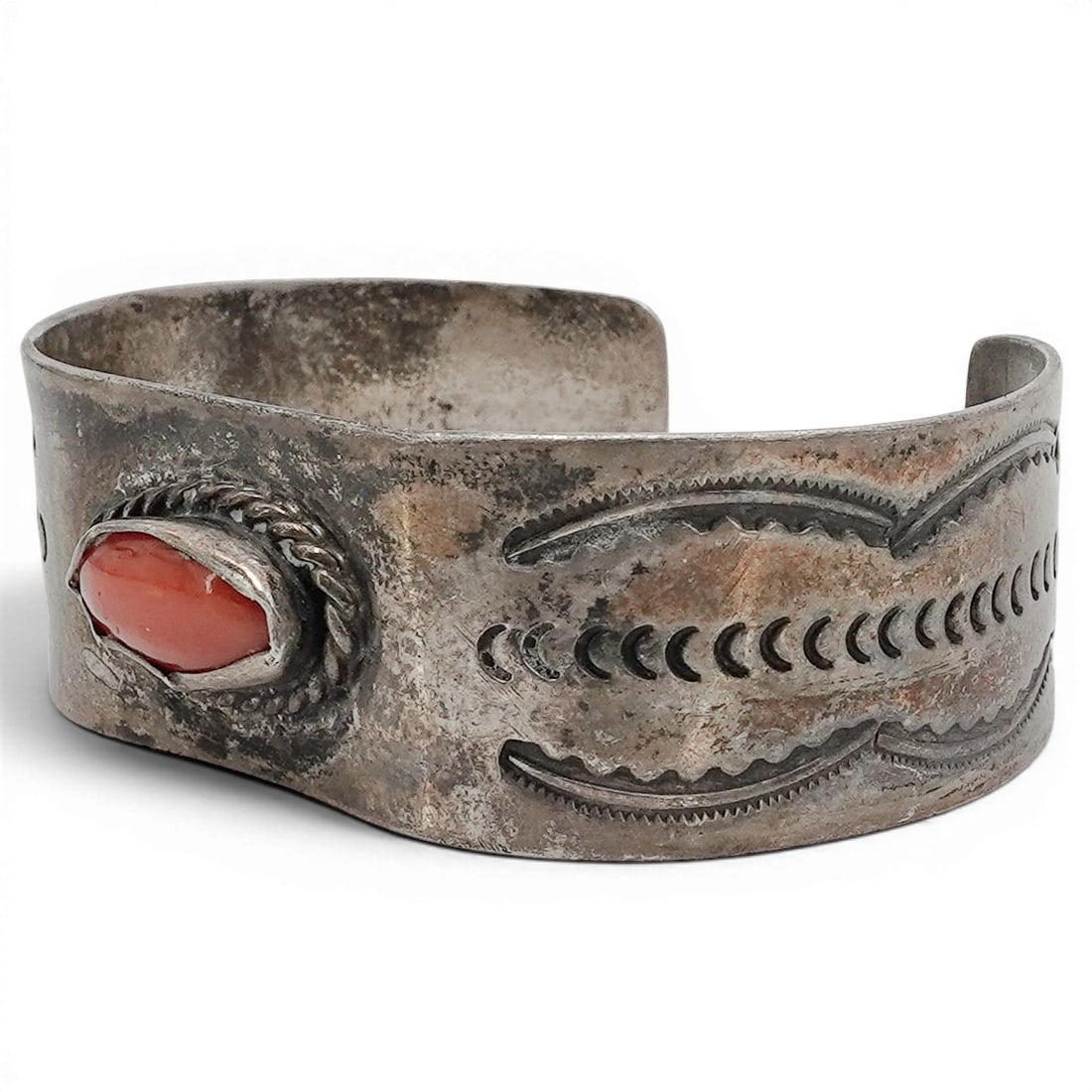 A Southwest sterling silver and coral cuff bracelet: A Southwest sterling silver and coral cuff bracelet Late 20th century Tests for sterling. A wide cuff set with a marquise-shaped coral cabochon in a smooth bezel with twisted wire surround and overall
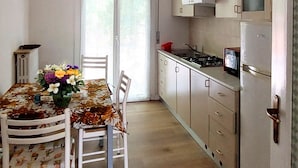 A kitchen with a dining table, chairs, a clock, cabinets, a stove, and a refrigerator. - CN028 - Cesenatico, Villa Federica - comfortable two-bedroom apartment with parking space (Cesenatico)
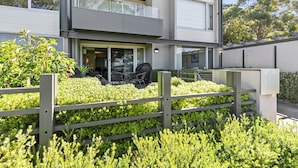 A modern building with a flat roof, large windows, and a covered outdoor seating area. - Apartment 2 Kalimna (Lorne)
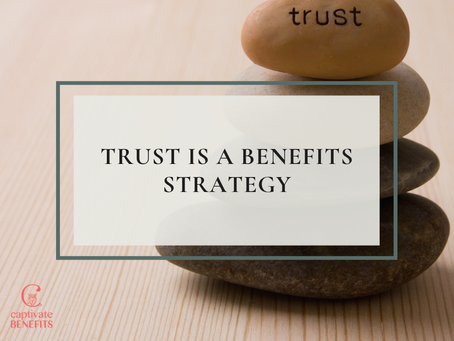 Stacked stones on wood with trust on top and the words 'Trust is a Benefits Strategy' centered; calm, minimalist benefits-themed graphic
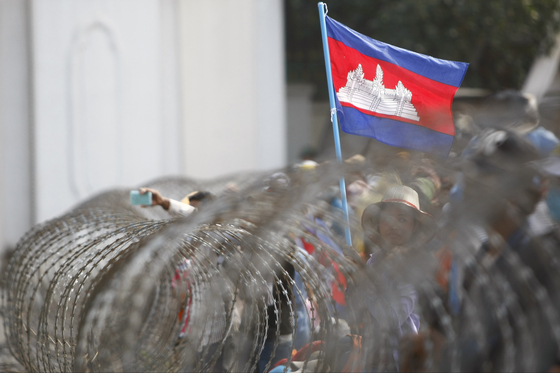 A Cambodian National flag flutters above barbed wire set up by police near the Council of Ministers building while garment workers gather for a rally in Phnom Penh, Cambodia on Dec. 30, 2013. [AP/YONHAP]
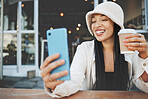 Phone, selfie and woman with a coffee in the city at a cafe on a weekend adventure with happiness. Smile, fun and young female person drinking latte and taking a picture on cellphone outdoor in town.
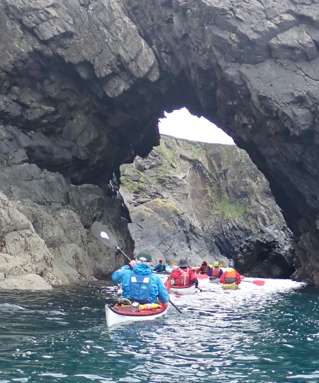 A group of people kayaking in a cave Description automatically generated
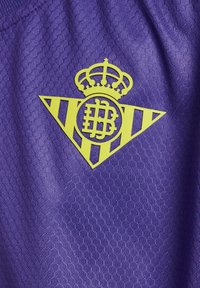 Lila sporttröja i texturerat tyg med en gul logotyp som har en krona och geometrisk design.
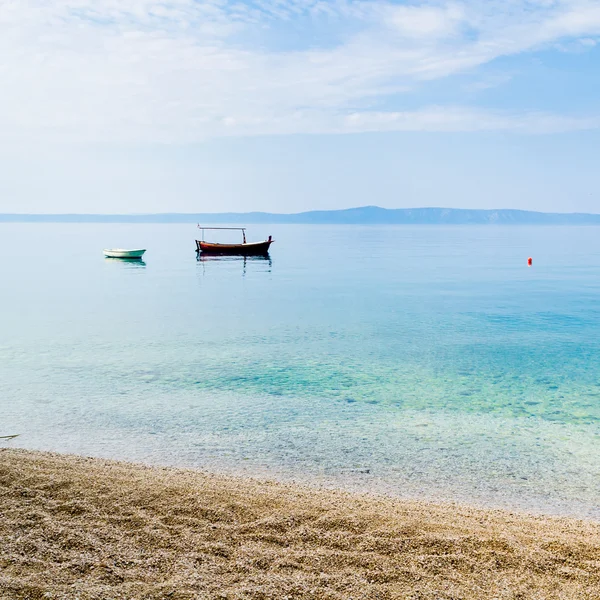 Två små båtar i lugna vatten nära den sandiga stranden — Stockfoto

YOUR GOAL -
Return each line above exactly; any pictures are to be skipped.

FINAL ANSWER -
 A Southwest sterling silver and coral cuff bracelet: A Southwest sterling silver and coral cuff bracelet Late 20th century Tests for sterling. A wide cuff set with a marquise-shaped coral cabochon in a smooth bezel with twisted wire surround and overall
 A kitchen with a dining table, chairs, a clock, cabinets, a stove, and a refrigerator. - CN028 - Cesenatico, Villa Federica - comfortable two-bedroom apartment with parking space (Cesenatico)
 A modern building with a flat roof, large windows, and a covered outdoor seating area. - Apartment 2 Kalimna (Lorne)
 Stacked stones on wood with trust on top and the words 'Trust is a Benefits Strategy' centered; calm, minimalist benefits-themed graphic
 A Cambodian National flag flutters above barbed wire set up by police near the Council of Ministers building while garment workers gather for a rally in Phnom Penh, Cambodia on Dec. 30, 2013. [AP/YONHAP]
 Phone, selfie and woman with a coffee in the city at a cafe on a weekend adventure with happiness. Smile, fun and young female person drinking latte and taking a picture on cellphone outdoor in town.
 A group of people kayaking in a cave Description automatically generated
 Lila sporttröja i texturerat tyg med en gul logotyp som har en krona och geometrisk design.
 Två små båtar i lugna vatten nära den sandiga stranden — Stockfoto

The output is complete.